Musings from a Tech Banquet

Last night, I attended a la-di-da technology group banquet in a suit and everything. I was not nominated for any awards, but my beautiful wife is on the board of the organization. So off to the event I went. It included a lovely dinner and everything. I spent most of the mingling time sitting at our dinner table with my trusty binder, trying to hash out a poem that probably won’t work anyway.

The group’s tech events tends to have a number of sales people and solution providers from companies that will manage your networks or manage your phones provide tech support or development work, or offer education or coaching in any number of disciplines. One rarely finds actual developers and never finds any QA professionals.

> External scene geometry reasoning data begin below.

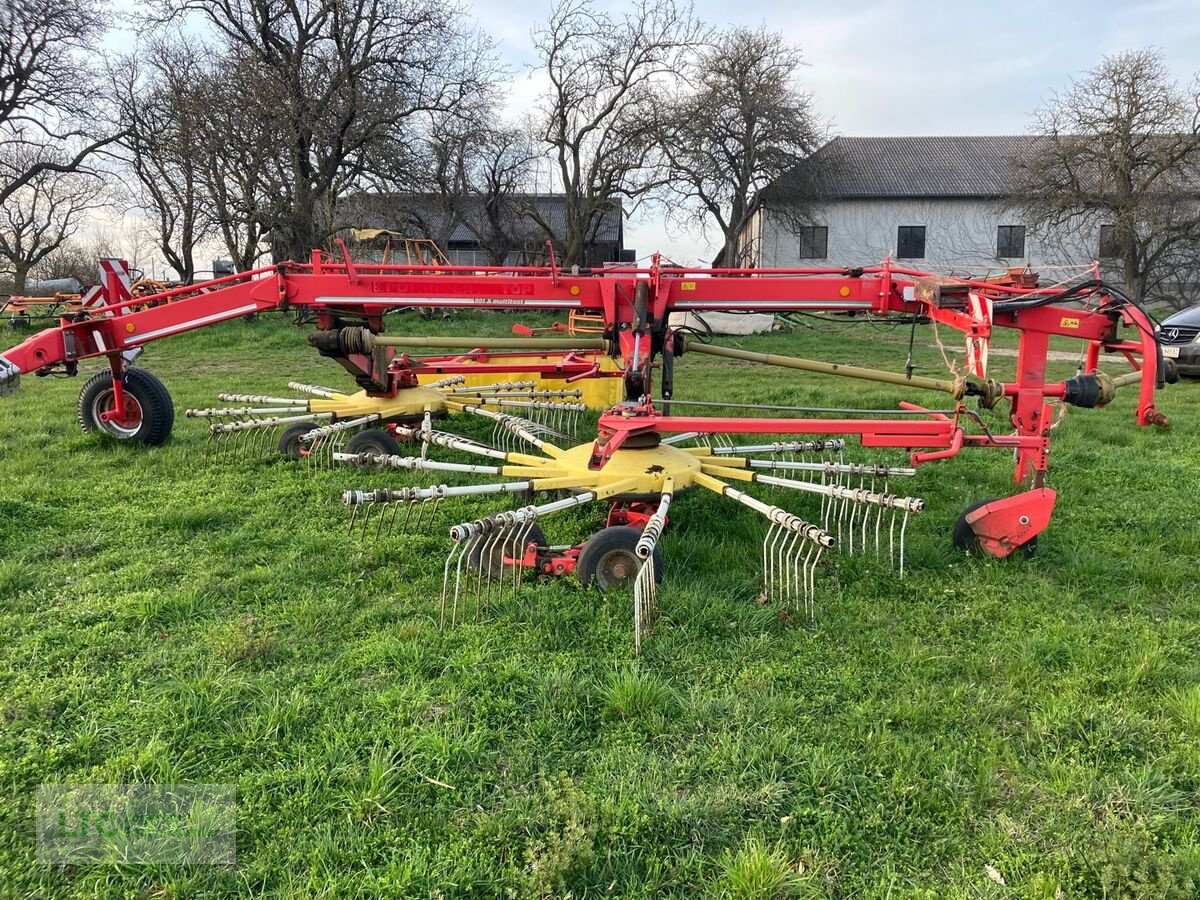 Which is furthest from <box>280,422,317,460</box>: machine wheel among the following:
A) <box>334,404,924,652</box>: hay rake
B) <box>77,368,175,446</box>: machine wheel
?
A: <box>334,404,924,652</box>: hay rake

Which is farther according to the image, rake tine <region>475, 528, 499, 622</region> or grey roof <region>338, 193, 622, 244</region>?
grey roof <region>338, 193, 622, 244</region>

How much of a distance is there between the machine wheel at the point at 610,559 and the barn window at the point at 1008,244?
37915 mm

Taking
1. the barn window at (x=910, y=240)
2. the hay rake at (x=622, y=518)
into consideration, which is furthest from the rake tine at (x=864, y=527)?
the barn window at (x=910, y=240)

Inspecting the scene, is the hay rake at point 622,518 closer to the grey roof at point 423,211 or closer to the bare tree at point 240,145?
the bare tree at point 240,145

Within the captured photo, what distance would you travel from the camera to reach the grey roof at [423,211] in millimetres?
23031

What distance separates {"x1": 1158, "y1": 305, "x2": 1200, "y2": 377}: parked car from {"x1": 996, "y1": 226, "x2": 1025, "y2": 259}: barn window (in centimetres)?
2646

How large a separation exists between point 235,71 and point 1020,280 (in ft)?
67.4

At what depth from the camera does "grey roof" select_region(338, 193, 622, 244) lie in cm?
2303

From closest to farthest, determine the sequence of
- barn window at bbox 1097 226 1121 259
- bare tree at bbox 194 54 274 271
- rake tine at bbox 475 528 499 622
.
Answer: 1. rake tine at bbox 475 528 499 622
2. bare tree at bbox 194 54 274 271
3. barn window at bbox 1097 226 1121 259

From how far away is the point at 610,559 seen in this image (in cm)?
376

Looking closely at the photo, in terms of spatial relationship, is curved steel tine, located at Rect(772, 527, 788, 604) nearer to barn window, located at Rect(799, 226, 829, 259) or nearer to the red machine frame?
the red machine frame

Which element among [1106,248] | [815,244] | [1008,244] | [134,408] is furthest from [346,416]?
[1008,244]

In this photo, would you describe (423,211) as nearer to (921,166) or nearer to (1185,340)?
(921,166)

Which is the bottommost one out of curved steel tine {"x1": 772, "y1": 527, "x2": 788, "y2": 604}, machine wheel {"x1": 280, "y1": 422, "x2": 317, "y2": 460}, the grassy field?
the grassy field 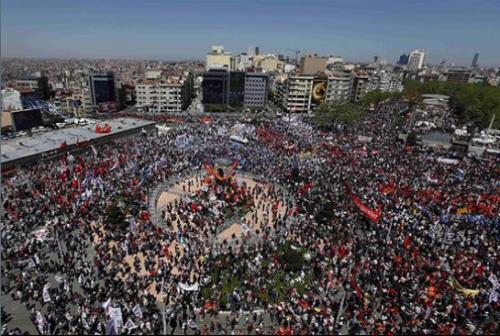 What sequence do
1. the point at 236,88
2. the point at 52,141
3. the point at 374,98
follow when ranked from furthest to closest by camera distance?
the point at 374,98 → the point at 236,88 → the point at 52,141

But some of the local software developers group appeared. I recognized several of them as I’ve attended a number of the group’s meetings this autumn. Turns out that several of them were up for the young buck awards. So I meandered over and struck up a conversation with a couple of them. The topic of self-assessment of expertise came up, and I said I couldn’t rate myself as a seven of ten in any programming language even though I’ve used several. “And I’m certainly not Seven of Nine,” I said.

You know, Seven of Nine.

“You know, Seven of Nine. The Borg from Star Trek,” I explained to my wife, leaving off how the actress’s divorce led to President Barack Obama. Then I looked at the two developers we were talking to, and one said, “Star Trek? I might have seen it once.”

And I was all like:

It suddenly occurred to me that I was almost twice the age of these developers, and although my heart lies more with them and their work than with tech executives, I was an old man to them.

Culturally, I am older than an old man. My tastes tend to run to books, movies, television, and even music from decades past, often before I was born. Whereas the geek culture of today tends to focus on the present. When I mentioned to the developers I work with that I have a kitten named Meow’Dib (well, formally Maud’Dib), they knew what who that was. Not from the book. Not from the 1984 David Lynch film.

Their geek culture comes from recent streaming series and video games. Not even movies so much any more. Maybe it’s good to have endless reboots even if they’re photocopies of photocopies. It’s the only thing keeping any threads of shared culture together.

The M.C. of the awards portion of the program also made a Star Trek reference because he is older than I am and also didn’t know the audience as well as he thought. At one point, he mentioned “the intrepid Captain Picard,” and I leaned toward my wife and said, “Picard did not captain the Intrepid” as I recognized it was the name of a Star Trek ship. I thought maybe it was the ship that Chekov was on in Star Trek II: The Wrath of Khan, but when I researched immediately after the program ended, I found that the U.S.S. Intrepid was in the original series’ “The Immunity Syndrome” and was crewed entirely by Vulcans. As I last read the Blish rendition of this episode in 2005 and last year when I walked through some of my duplicates in the series, I am surprised I remembered it (and then I remembered the ship Chekov was on was the U.S.S. Reliant).

So I thought I would ambush the M.C. to give him the true flavor of a tech meeting: Someone handing him an ackshually over esoterica in expired pop culture.

I mentioned this to my wife and one of her acquaintances (and my LinkedIn connections, which is lower than acquaintance) about how amusing my plan was, but that I would not carry it out. And all of a sudden I was all like:

I am awkward and off putting even at tech events.

One of the members, an Air Force veteran, stepped up to the podium to recognize veterans, and he asked the veterans in the crowd to stand up.

Five people of 249 did. My wife was a little shocked that the group included so few. Tomorrow, at church, half of the men in the congregation will stand when called upon.

I twirled my finger to indicate the crowd and said, “They went to college.” And did so in the years after mandatory service and after the peace dividend of the end of history which has left us probably ill-prepared for what might come.

So, yeah, these are not my people natively, but I can eventually make small talk with them. Or maybe just the older people among them.